5/3/1 is a percentage-based strength program built around four core lifts: squat, bench press, deadlift, and overhead press. It was developed by Jim Wendler in the mid-2000s and first published in 2009, as a simpler, more sustainable alternative to the Westside-style training he had used in his competitive powerlifting career. The defining feature is a four-week wave on each main lift, with three working sets per session that escalate in intensity (5 reps, then 3 reps, then 1+ reps) followed by a deload week. The final set of each week is an AMRAP (As Many Reps As Possible), which serves as both an effort test and a benchmark for the next training max.
How the math works
Every 5/3/1 program runs off a Training Max (TM), which is 90% of your true 1-rep max. All working sets are calculated as percentages of the TM, not your actual 1RM. This deliberate undershoot is what makes 5/3/1 sustainable: you're never grinding maximal singles, so recovery stays manageable across months and years of training.
The four-week cycle on each lift follows a fixed pattern. Week 1 is the 5s week: 65%, 75%, 85% × 5+ reps. Week 2 is the 3s week: 70%, 80%, 90% × 3+ reps. Week 3 is the 5/3/1 week: 75%, 85%, 95% × 1+ rep. Week 4 is a deload at 40%, 50%, 60% × 5 reps. After each cycle, you add 5 lb to your upper-body TMs and 10 lb to your lower-body TMs and run the same wave again at the new weights.
What makes the system work long-term is that the supplementary and accessory work is open-ended. Wendler published a base template, then variant after variant. Boring But Big, Triumvirate, Building the Monolith, 1000% Awesome, Krypteia, and Leviathan each keep the main-lift wave identical but swap the assistance work to target different goals (hypertrophy, conditioning, weak points, peaking).
Who 5/3/1 is for
5/3/1 is best suited to lifters who have at least 6 months of consistent training and know their working weights on the four main lifts. It's not a true beginner program. Beginners gain faster on linear progression programs like Starting Strength, GZCLP, or Greg Nuckols's beginner program. But once linear progression stalls and you can no longer add weight every session, 5/3/1 is the most common transition program in the strength community.
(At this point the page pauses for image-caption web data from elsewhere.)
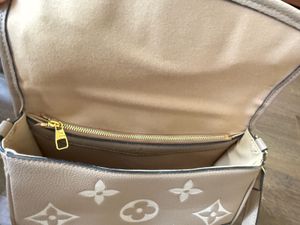 Louis Vuitton Crossbody Bag. free shipping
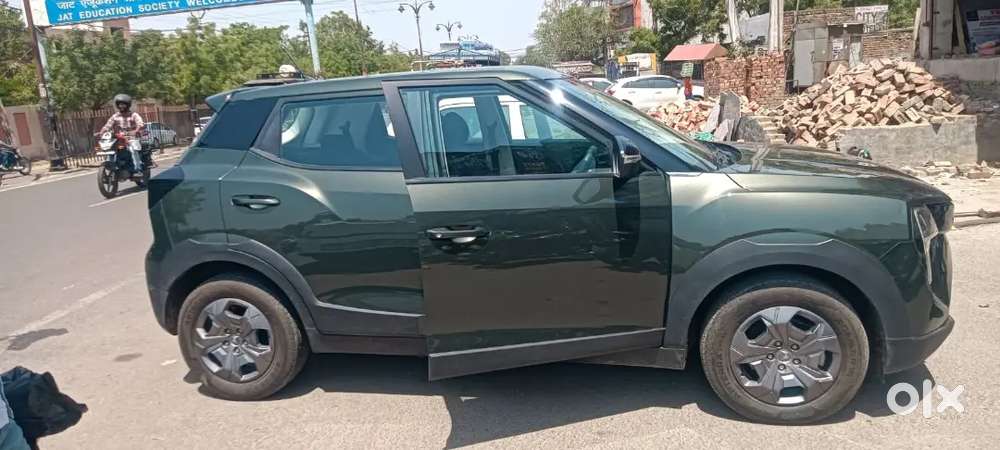 Mahindra Xuv 3xo 2025 Petrol Well Maintained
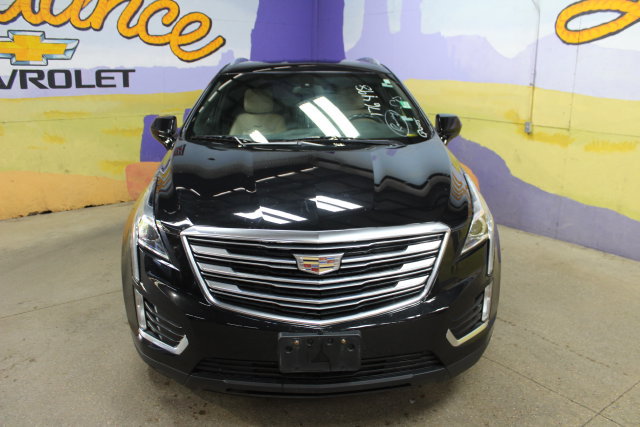 Used 2019 Cadillac XT5 FWD image 3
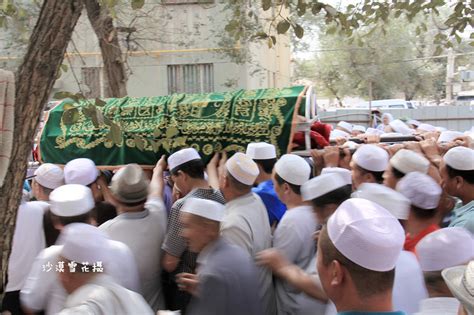 揭秘回族穆斯林葬礼有哪些特殊的风俗习惯 - 趣闻轶事 - 穆斯林在线（muslimwww)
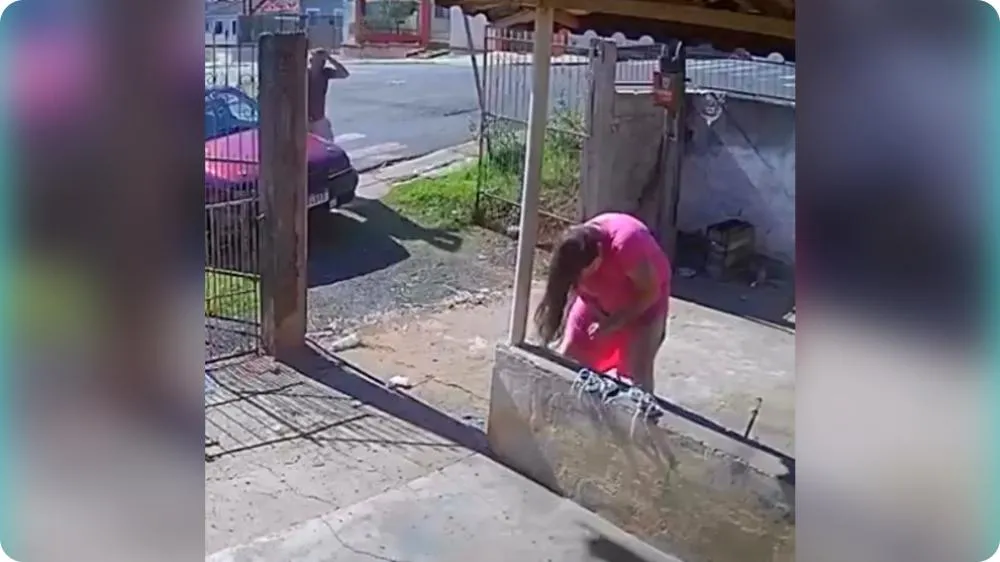 Câmera de segurança registra mulher dando à luz na garagem de casa no interior do Paraná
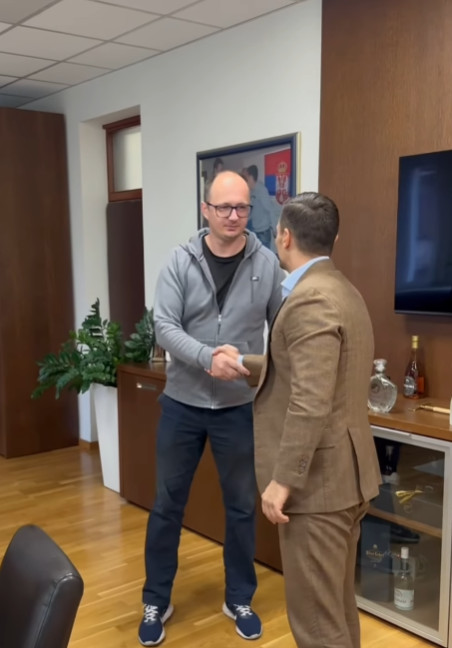 PIO FOND RAZREŠAVA SPECIFIČNE SITUACIJE Direktor Relja Ognjenović i danas razgovarao sa strankama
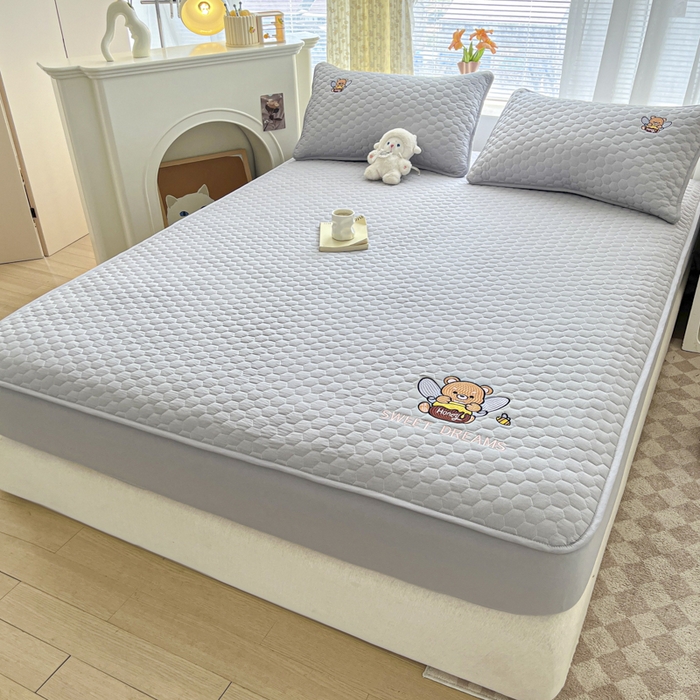 91家纺网 家纺一手货源 找家纺 九亭家纺 2024新款A类大豆刺绣夹棉床笠 蜜罐熊-浅灰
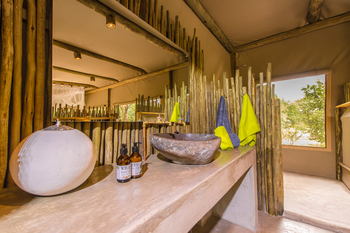 Leopard Plains: Gästebad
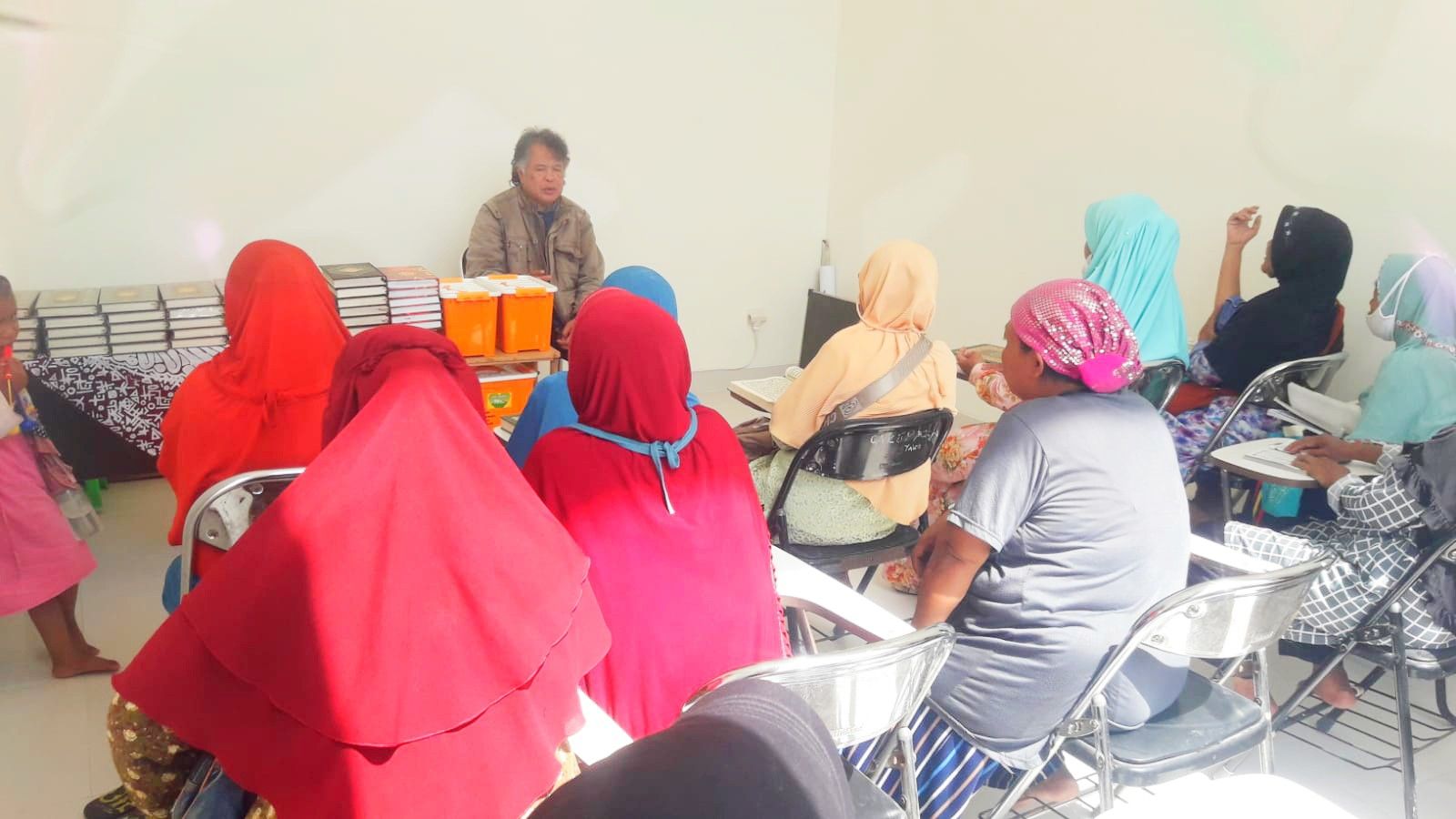 Kampung KB CoE Semarak Karya mengedukasi perempuan lansia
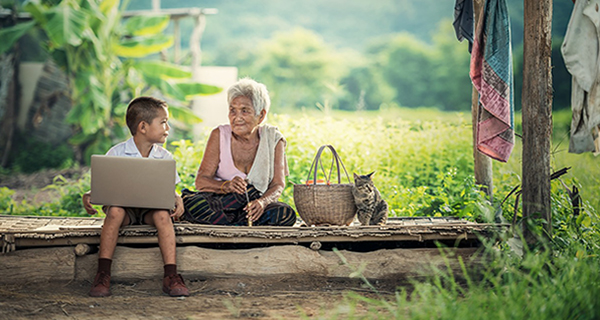 Nonna E Bambino Si Scambiano Il Sapere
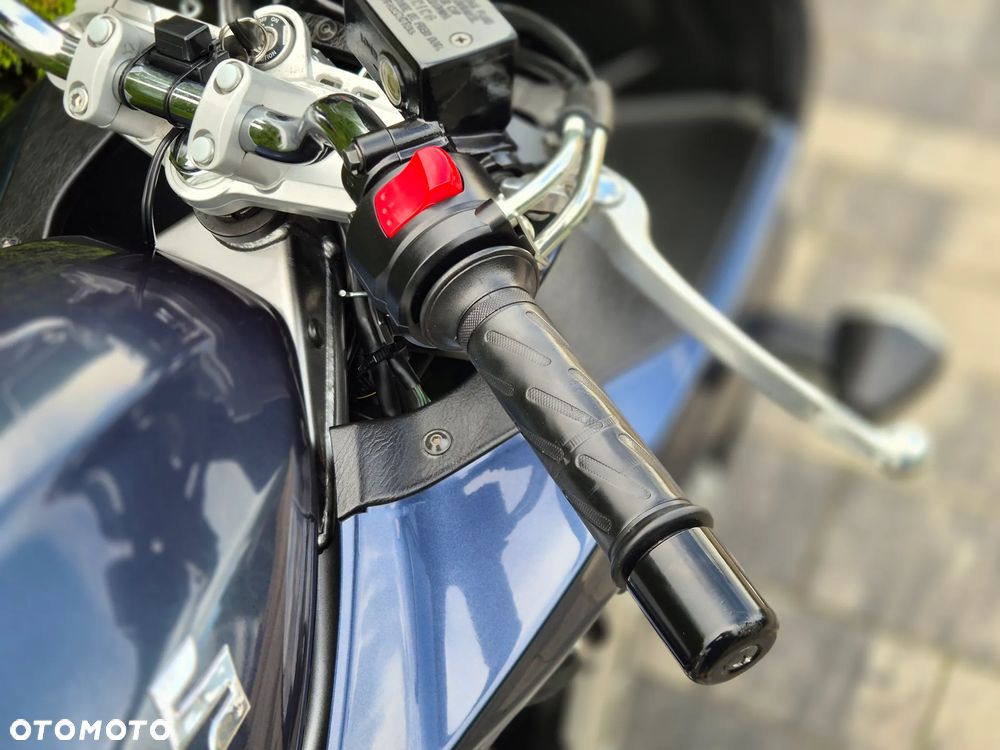 Suzuki Bandit - 11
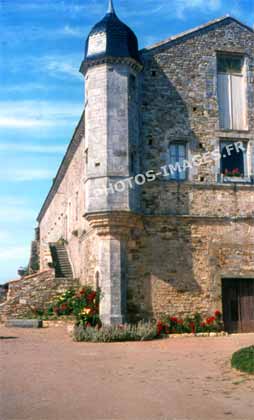 Ancienne photo de l'abbaye de Lieu-Dieu sur une diapo de 1960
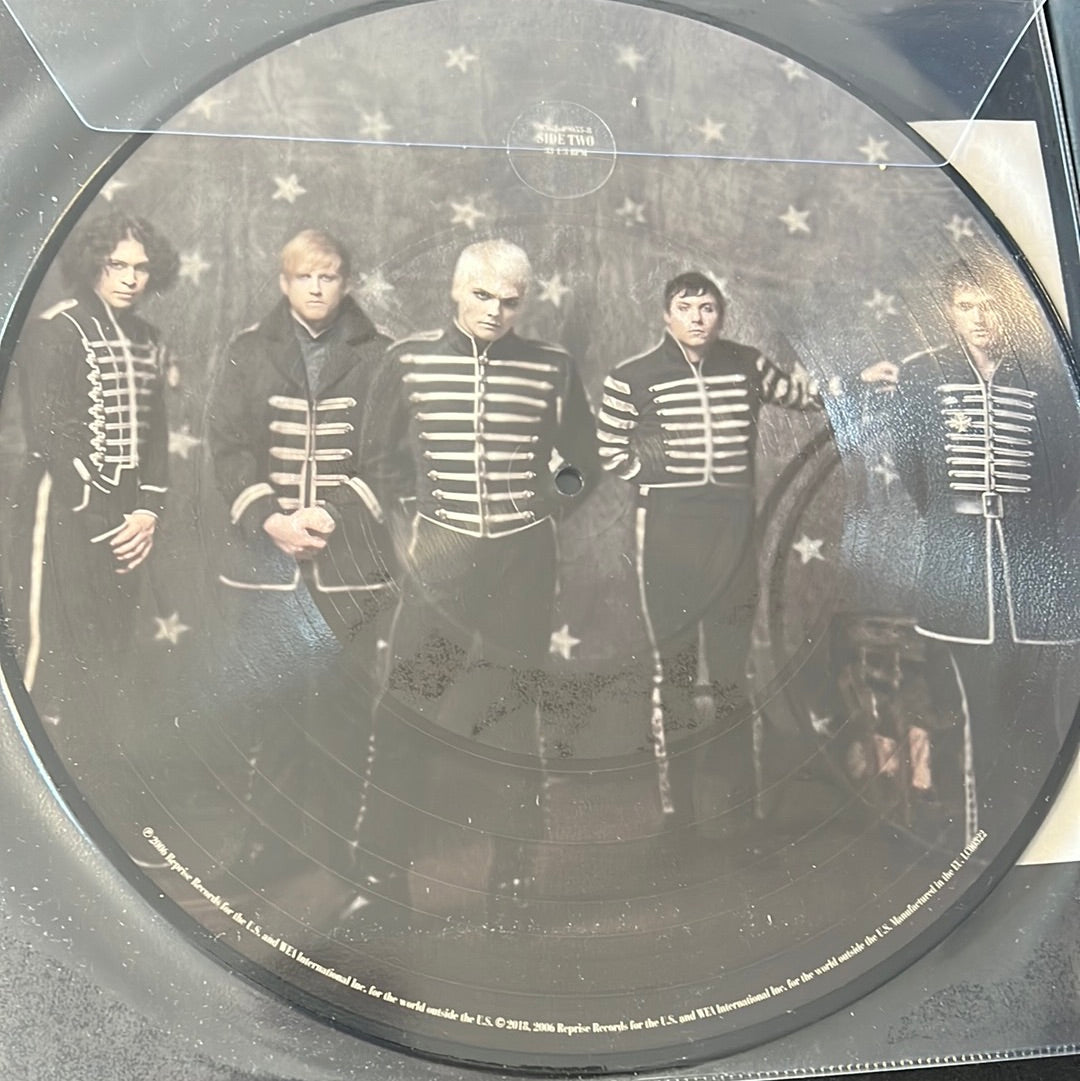 MY CHEMICAL ROMANCE - the black parade
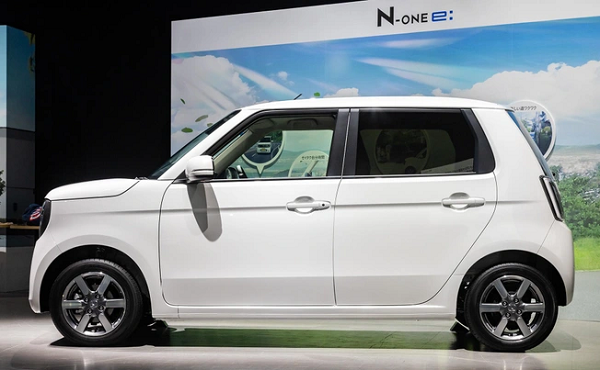 Honda ra mắt xe điện mini chạy gần 300 km/lần sạc: Ngoài nhỏ gọn, trong rộng rãi bất ngờ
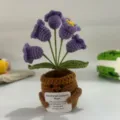 Pianta in vaso all'uncinetto fatta a mano bambola fiore viola variante con carta di supporto - Mughetto a 5 Teste Viola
The template is goal-agnostic: with the right variant, it supports raw powerlifting prep, hypertrophy-driven bodybuilding, general strength for athletes, and even maintenance phases for older lifters. The trade-off is that 5/3/1 is intentionally conservative. The Training Max increases are small and steady rather than aggressive, so progression is slower than newer block-periodized programs, and the system is designed to be run for years rather than peaked in a single block.
Common mistakes
The most common mistake is starting with too high a Training Max. Wendler explicitly says to err low. The program is built around the AMRAP rep records, and if you can't beat the rep targets, you can't progress. Set your TM at 85% of your true 1RM if you're new to the program, not 90%.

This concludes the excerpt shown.